Section 286 of the 2017 Act now permits members holding not less than 10% of the issued share capital and creditors having an interest equivalent in amount to not less than 10% of the paid-up capital of the company, to make an application to the Court.

The reduction in the threshold requirement empowers and strengthens the role of the minority shareholders and creditors to initiate proceedings in relation to mismanagement and oppression of the company.

Transfer of winding-up proceedings

In light of the grant of exclusive jurisdiction to the High Court pursuant to Section 5(2) of the 2017 Act (discussed above), Section 303 of the 2017 Act now only permits the High Court to transfer winding up proceedings to any other High Court. Previously, under Section 307 of the 1984 Ordinance, in addition to another High Court, proceedings could be transferred to a Civil Court empowered by the Federal Government.

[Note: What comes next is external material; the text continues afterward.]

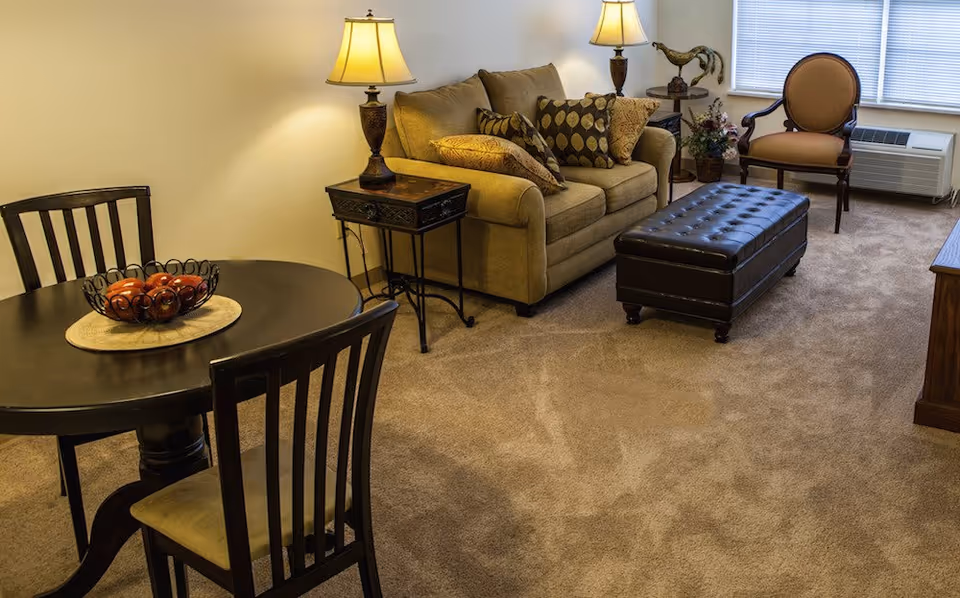Cozy living area with a beige sofa, tufted leather ottoman, round dining table with chairs, table lamps, and carpeted floor.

Filing of Defective Documents

The 2017 Act has empowered the Registrar to allow rectification in the documents being filed with the Registrar or the cancellation of such documents. Previously, under the 1984 Ordinance, no express provision existed in relation to cases where the document being filed by a company is, subsequent to its acceptance, found to be defective, incorrect, false, or forged. Sections 464(5) and (6) of the 2017 Act provide that where the document filed with the Registrar is found to be defective, incorrect, false, or forged, the Registrar may for special reasons to be recorded in writing, after obtaining such evidence as he may deem appropriate, allow the rectification in such document or allow the filing of the revised document in lieu thereof. Further, in the event that the defect is not capable of rectification or is false or a forged document was accepted by mistake, the Registrar may for special reasons to be recorded in writing, after obtaining such evidence as he may deem appropriate, cancel the recording thereof.

Conclusion

Reform of company law in Pakistan has been a long time coming and the 2017 Act on the face of it has confronted the challenge head on. Whilst it may take some time for the corporate sector and other stakeholders to get to grips with the changes brought about by the new regime, they should be encouraged by what appears to be a more simplified and streamlined dispute resolution process with the availability of alternative methods of dispute resolution. With the 2017 Act in its infancy, it remains to be seen how the changes will materialise in practice and whether the objectives highlighted in the preamble will achieved.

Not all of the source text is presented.